Michigan Treasurer Andrew Dillon submitted his resignation Friday, citing media attention regarding his divorce. His resignation came the day after he gave a deposition in a case filed by unions and retired workers against Detroit's bankruptcy declaration.
Dillion said his resignation was due to "issues related to my recent divorce and the unfortunate acrimony associated with it [becoming] a continued source of media attention and scrutiny."
He said, "My family deserves privacy and our residents deserve to know their State Treasurer is not distracted by such issues and events.

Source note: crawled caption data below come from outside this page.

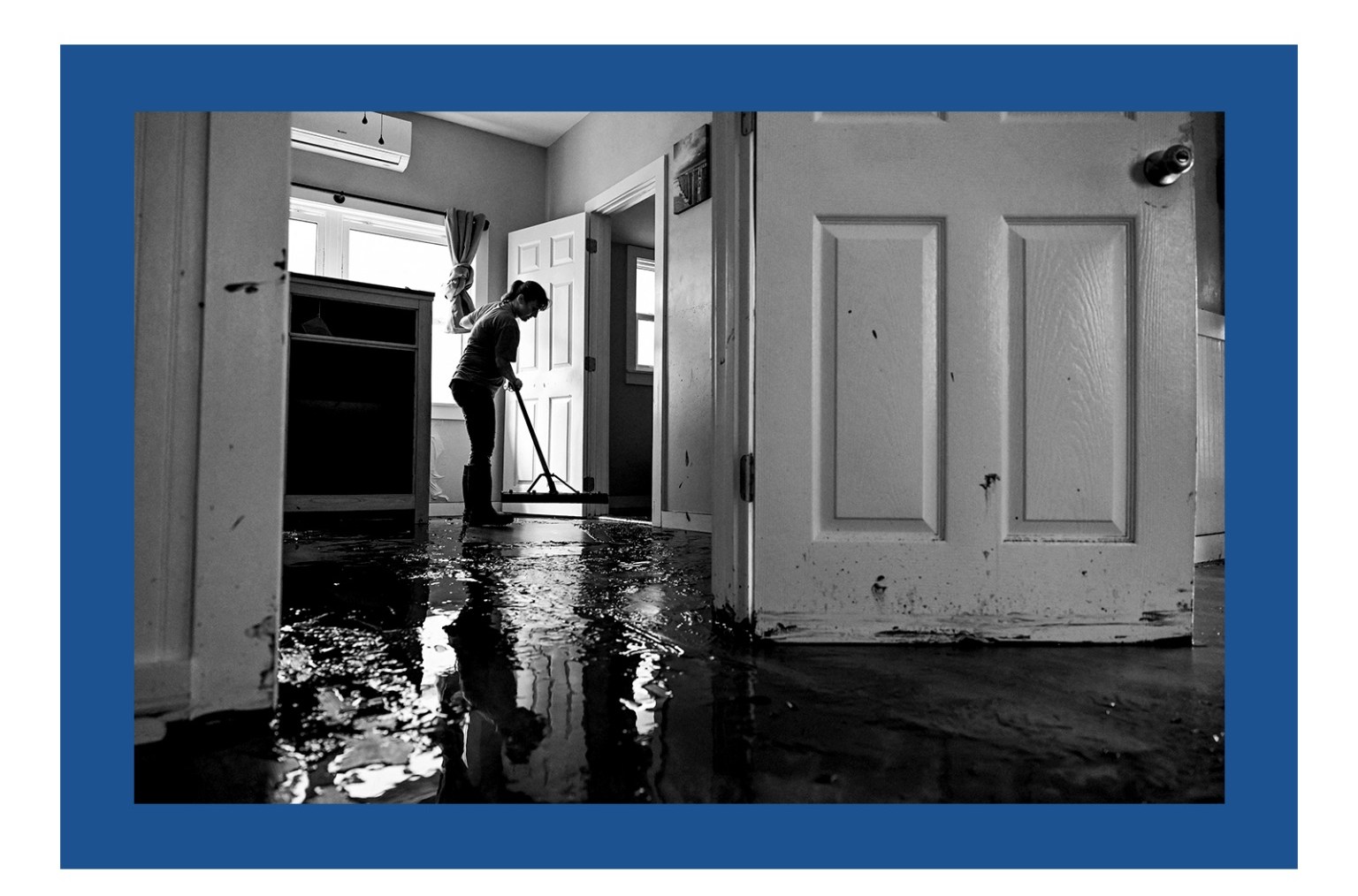 A woman cleaning her house after Hurricane Helene made landfall in Cedar Key, Florida.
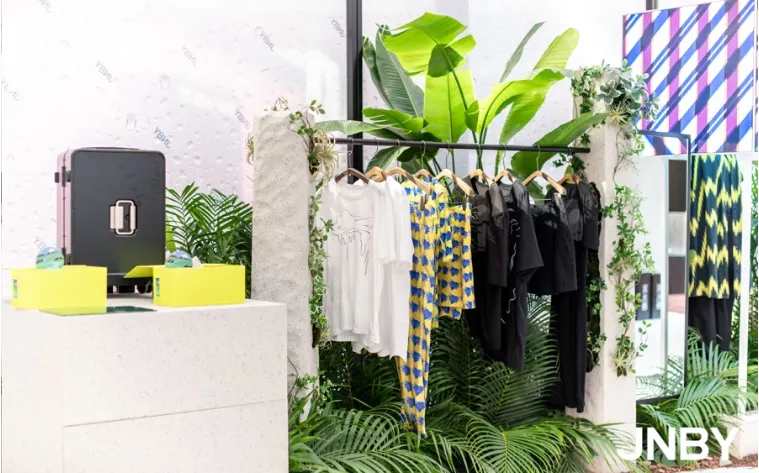 JNBY clothing display with plants and colorful garments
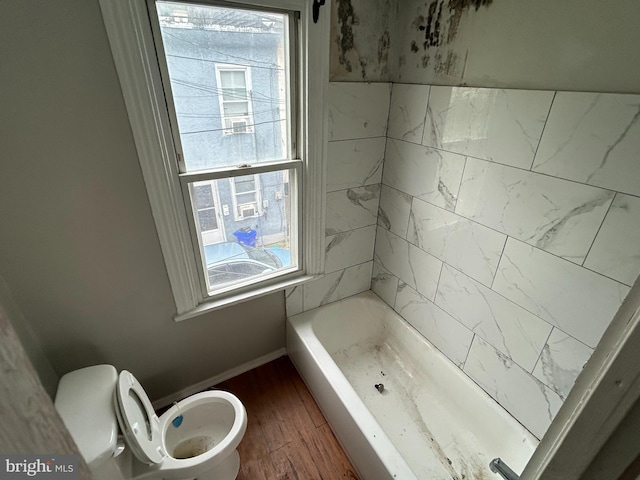 bathroom with a bathtub, hardwood / wood-style floors, toilet, and plenty of natural light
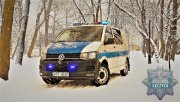 radiowóz oznakowany na tle zimowej scenerii  w dolnym, prawym roku gwiazda policyjna z napisem Łęczyca.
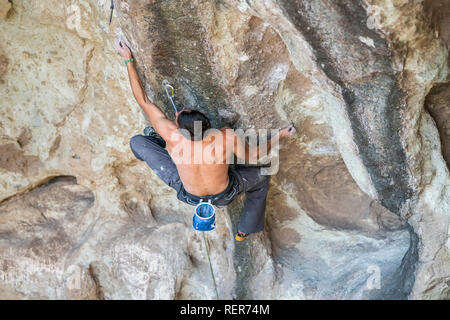 Praticare l'arrampicata su roccia sport estremo all'interno delle montagne Ande in una scogliera. Un arrampicatore maschio fa i movimenti duri con tenacia e fiducia Foto Stock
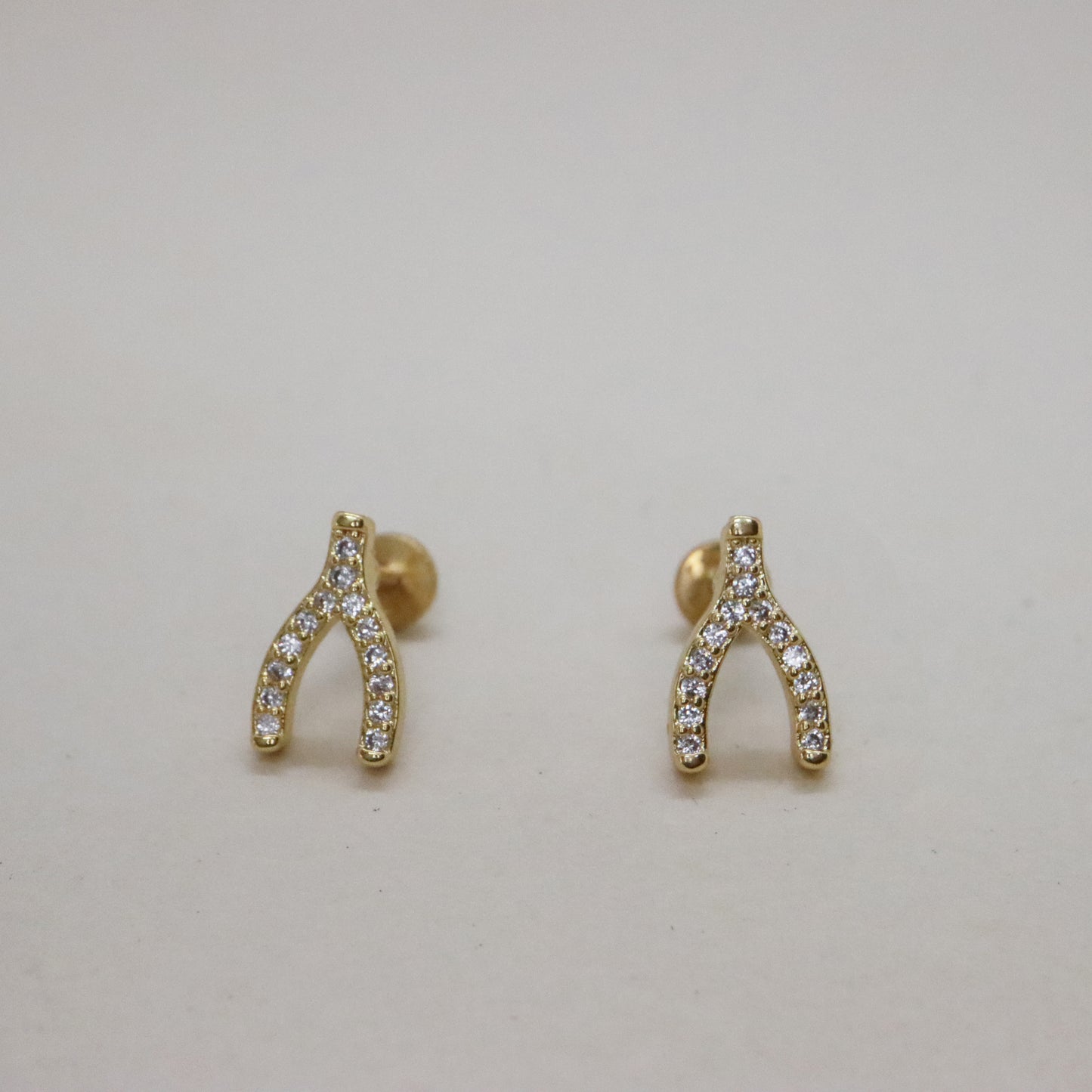 Gold wishbone earrings with pave gemstones and push pin back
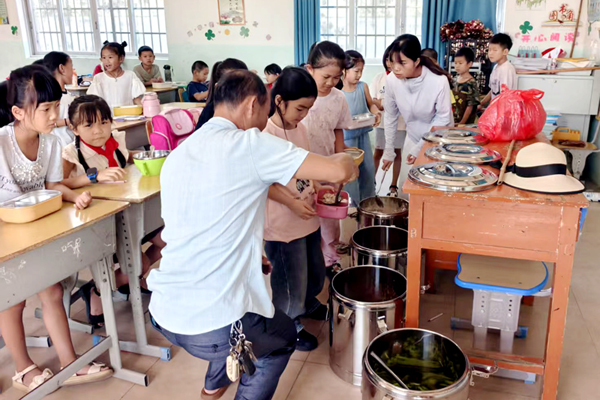 老師幫學(xué)生裝營養(yǎng)午餐。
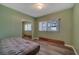 Cozy bedroom with green walls, wood-look laminate flooring, closet and natural light at 4201 Park Lake St, Orlando, FL 32803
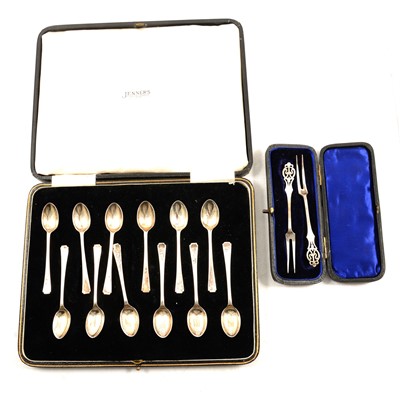 Lot 335 - Set of twelve silver egg spoons; a pair of silver pickle forks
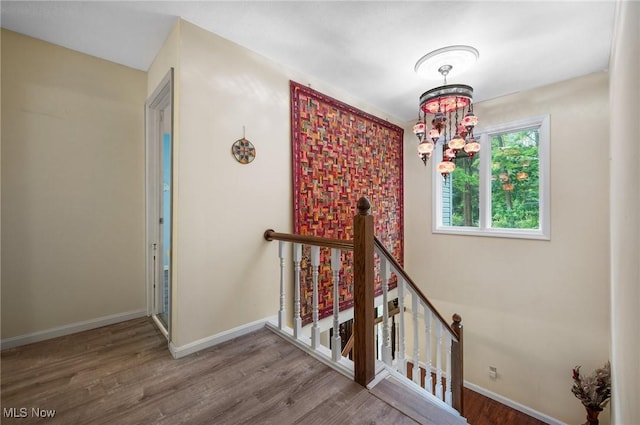 8985 Williams Rd, Chardon, OH 44024 - stairway with wood finished floors and a chandelier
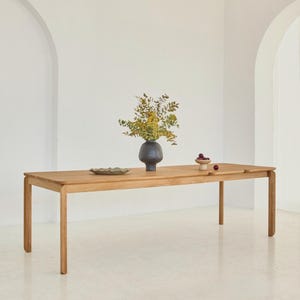 Peut inclure: Une table à manger en bois clair, avec un plateau rectangulaire et quatre pieds. Un vase bleu foncé avec de la verdure est posé sur la table, ainsi qu'une petite assiette et un bol de fruits. La table est dans une pièce blanche et lumineuse.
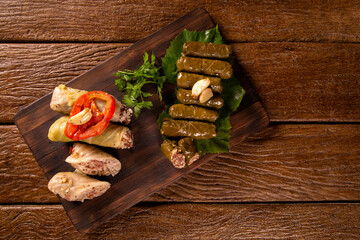 Arabic food. Appetizing cabbage rolls and Rice and mint wrapped in grape vine leaves on wood background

For these personal and professional reasons, I have determined it is in the best interests of all that I resign."
Michigan AFL-CIO President Karla Swift issued a press release late Friday that said, "The timing of this announcement raises questions."
Dillion's departure comes the day after he was questioned behind closed doors for three hours by union lawyers regarding the state's decision to force Motor City into bankruptcy. City employee unions vehemently opposed the move, fearing it could result in severe cutbacks to their members' pensions.

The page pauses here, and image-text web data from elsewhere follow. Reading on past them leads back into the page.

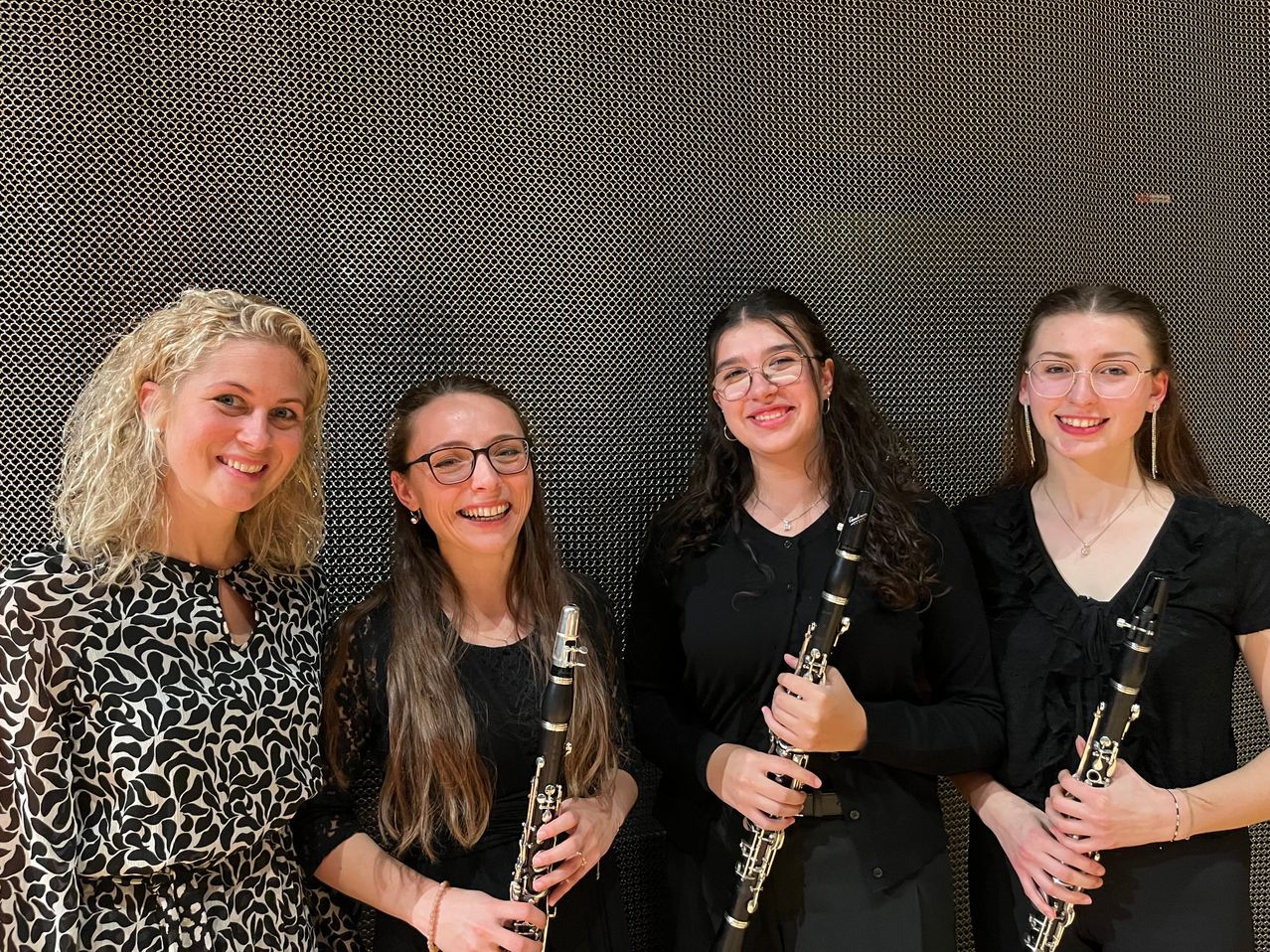 Vier Frauen stehen eng beieinander und lächeln. Drei von ihnen halten Klarinetten. Sie sind in Schwarz gekleidet. Der Hintergrund ist eine dunkle strukturierte Wand.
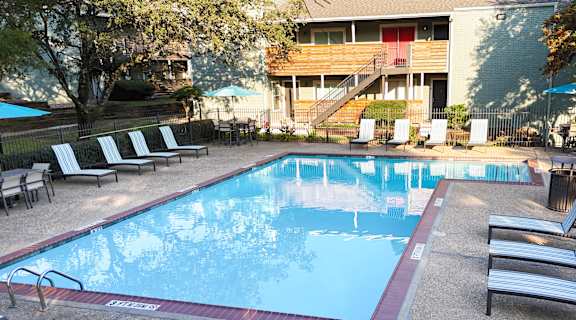a swimming pool with chairs and a building in the background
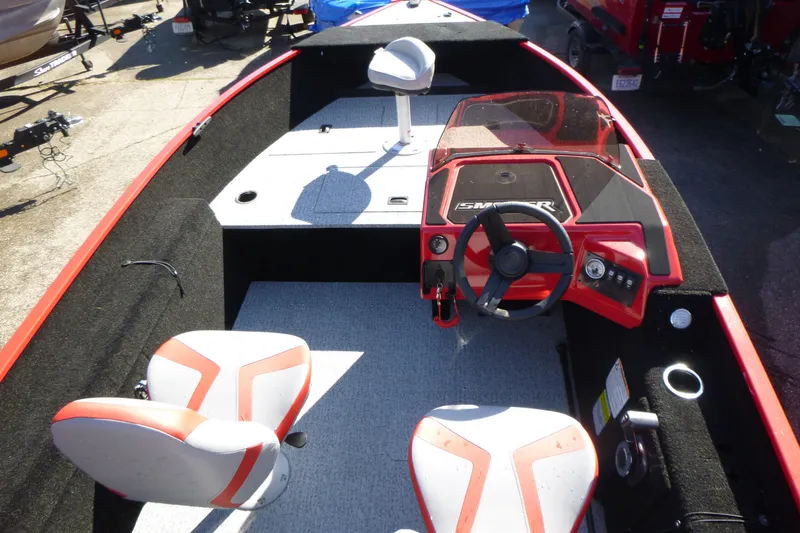 Slide: The Image of 2025 Smoker Craft Lazer 161 boat interior with red accents and dual seating. - 4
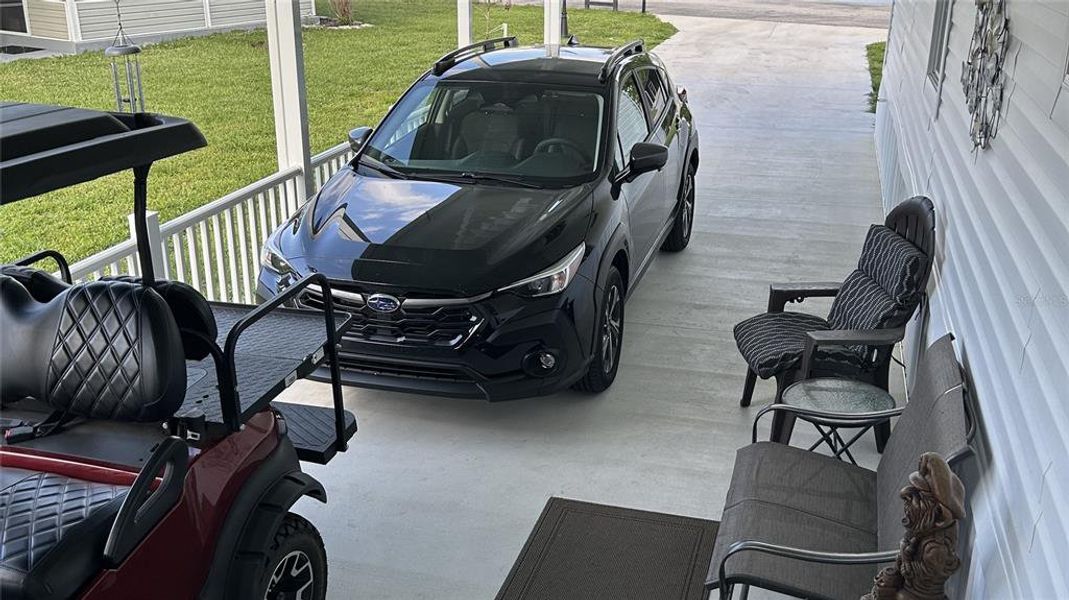 Exterior details and patio area of a home in , Lake Placid (Image 15).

In a statement Thursday regarding the deposition, Dillion said: "[T]he decision to seek bankruptcy protection was not an easy one but was determined to be the only remaining way to address Detroit's long-running financial crisis."

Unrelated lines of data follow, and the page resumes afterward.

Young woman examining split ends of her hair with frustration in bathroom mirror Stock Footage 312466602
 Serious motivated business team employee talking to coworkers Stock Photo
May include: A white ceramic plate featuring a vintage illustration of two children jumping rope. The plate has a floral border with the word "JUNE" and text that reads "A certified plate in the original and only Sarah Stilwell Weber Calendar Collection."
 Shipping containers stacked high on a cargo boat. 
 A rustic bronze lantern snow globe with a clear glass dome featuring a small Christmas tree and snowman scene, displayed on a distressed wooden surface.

Republican Gov. Rick Snyder accepted his resignation with "regret but understanding" and praised his "dedication, expertise and leadership." Dillon's resignation becomes effective Nov. 1.
The AFL-CIO's Swift linked Dillon's resignation to an ongoing controversy over the New Energy to Reinvent and Diversify Fund, a nonprofit created by Snyder in 2011.
"Why would Dillon step down now, just as Governor Snyder’s secretive NERD Fund is beginning to receive serious scrutiny? We respect the Dillon family’s need for privacy, but wonder why it wasn’t an issue months ago," Swift said.
In August, Snyder confirmed that the fund had paid for Detroit Emergency Manager Kevin Orr's lodging in Michigan and commuting expenses from his home in Maryland. The monthly expenses are $4,200.
Orr was instrumental in the state's decision to push Detroit into bankruptcy. State Democrats have demanded to know who has donated to the NERD Fund. Snyder has justified the funding as needed to relieve taxpayers of the cost of Orr's stay in Michigan.
Michigan Live reported that Snyder was asked under oath about the fund during a deposition by union lawyers Wednesday regarding the Detroit bankruptcy decision. He said he did not know who the donors were.
It is almost certain that Dillon was asked similar questions by the union lawyers in his deposition Thursday.
Dillon is a former Democratic House speaker who lost a bid for his party's gubernatorial nomination in 2010. The following year, Snyder appointed him as treasurer.
It has been a tumultuous time for the state official. His ex-wife alleged he assaulted her during the summer. Police did not press charges, citing insufficient evidence.
He has reportedly acknowledged a drinking problem as well.
The Detroit Free Press reported Friday that "his gubernatorial campaign committee and other committees were wracked with accounting problems."